Una questione privata

Leggendo in rete i responsi del pubblico che ha assistito ai tre concerti dei Megadeth in terra italiana, mi sono stupito di quanto l’evento sia passato in sordina all’interno della mia agenda impegni.
Nonostante avessi grassettato la data all’Alcatraz di Milano, me ne sono ricordato solo a cose avvenute, rendendomi conto che vivo la musica alla stregua di una questione privata. E’ ormai da molto, infatti, che l’entusiasmo per un concerto latita e la soddisfazione dopo una serata spesa a seguire il gruppo di turno non è minimamente paragonabile a quanto assaporavo in passato.

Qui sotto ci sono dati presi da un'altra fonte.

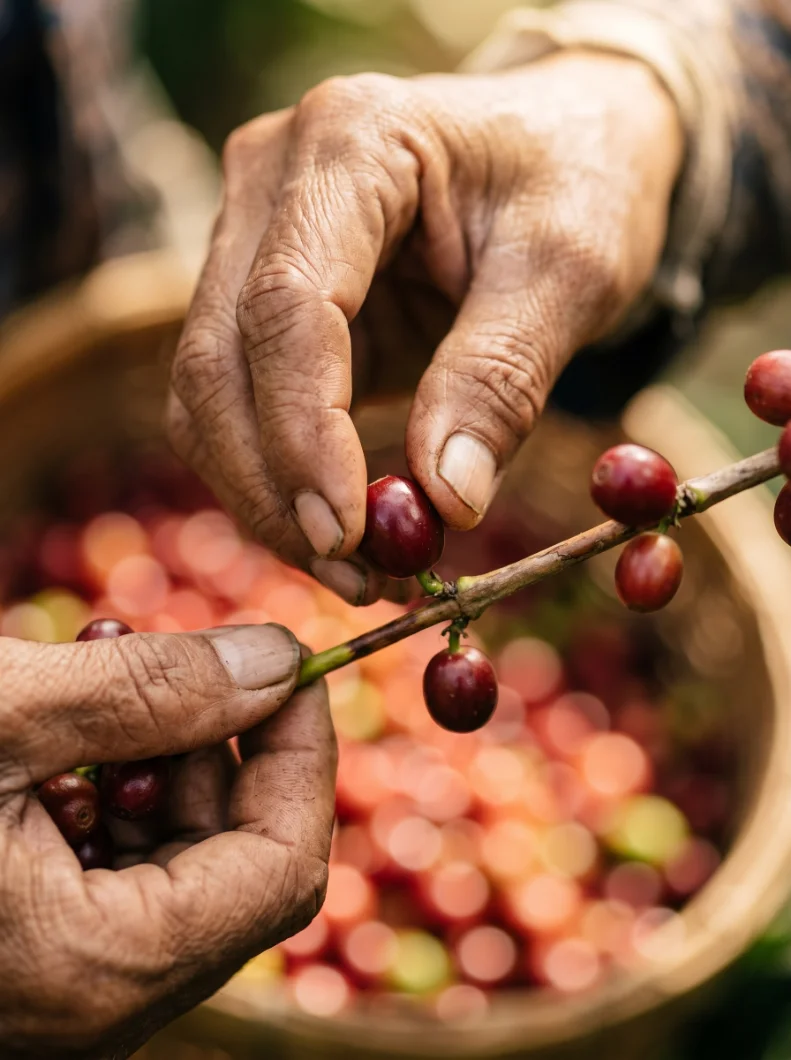 Hands selecting ripe coffee cherries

Le motivazioni di questo cambiamento sono molteplici: in prima battuta è venuto drasticamente meno quel senso d’appartenenza al “gruppo” (di metallari) che, insieme alla passione strettamente musicale, mi spingeva a macinare chilometri per recarmi a un concerto. Oggi, difficilmente tollero per più di una mezz’ora d’essere fisicamente inserito in quell’orda che non perde occasione per mettere in mostra la divisa (magliette, giubbotti carichi di toppe, jeans attillati, scarpe da basket vintage) e farsi bandiera di un’attitudine che va bene su MySpace, ma nella vita di tutti i giorni è mero estetismo ai livelli delle chiome “singolari” degli emo.

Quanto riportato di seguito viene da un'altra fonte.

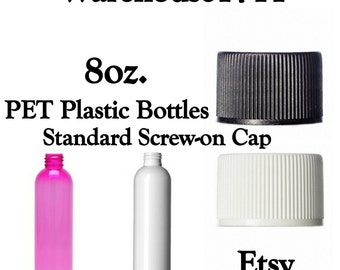 8oz Cosmo SlimPlastic Bottles ~ Standard Screw-On Cap ~ Lotion Bottles/Shampoo Bottles/Conditioner Bottles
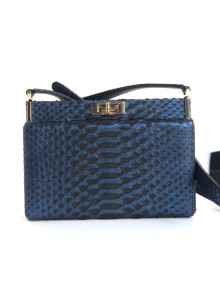 Chanel Python Leather Reissue Clutch Bag A57388 Metallic Blue 2018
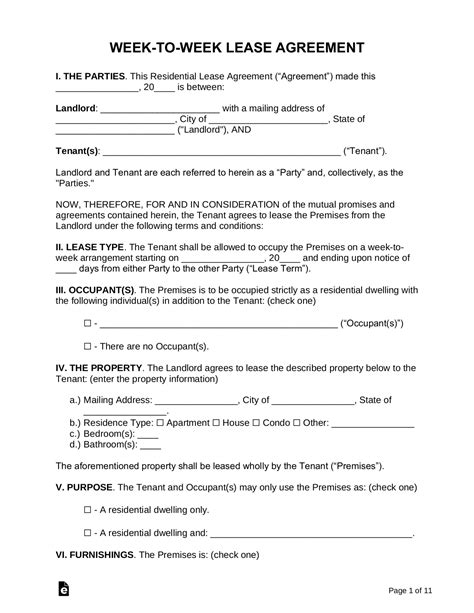 Week To Week Rental Agreement Template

Unitamente all’insofferenza nei confronti del pubblico sì è aggiunta una certa pignoleria nei confronti dell’organizzazione logistica dei concerti che, ahimè, negli ultimi 2 – 3 anni è calata drasticamente. Tra gli obblighi di legge (vedi Milano, dove gli strumenti devono zittirsi entro la mezzanotte o giù di lì), la penuria di locali adatti a riprodurre musica distorta (ormai è prassi imbucare ogni gruppo nelle bullonerie riciclate più indecenti) e fonici incapaci di ogni latitudine, godersi un concerto è divenuta quasi un’utopia, perché nella maggioranza dei casi mi ritrovo a fine serata con le orecchie infestate da un rimbombo tale che il basso di Verni su W.F.O. pare uno strumento educato.
In sintesi, la situazione fa acqua da tutte le parti e se a questo aggiungo che una trasferta mi scuce dal portafoglio minimo 100€ (che non spendo in puttanate del tipo litri di birra scrausa, magliette, spille e altre amenità da defender de noialtri) mi vien da pensare che in fondo i Darkthrone, con una carriera spesa a macinare palate di dischi senza mai scomodarsi per una data dal vivo, hanno capito tutto!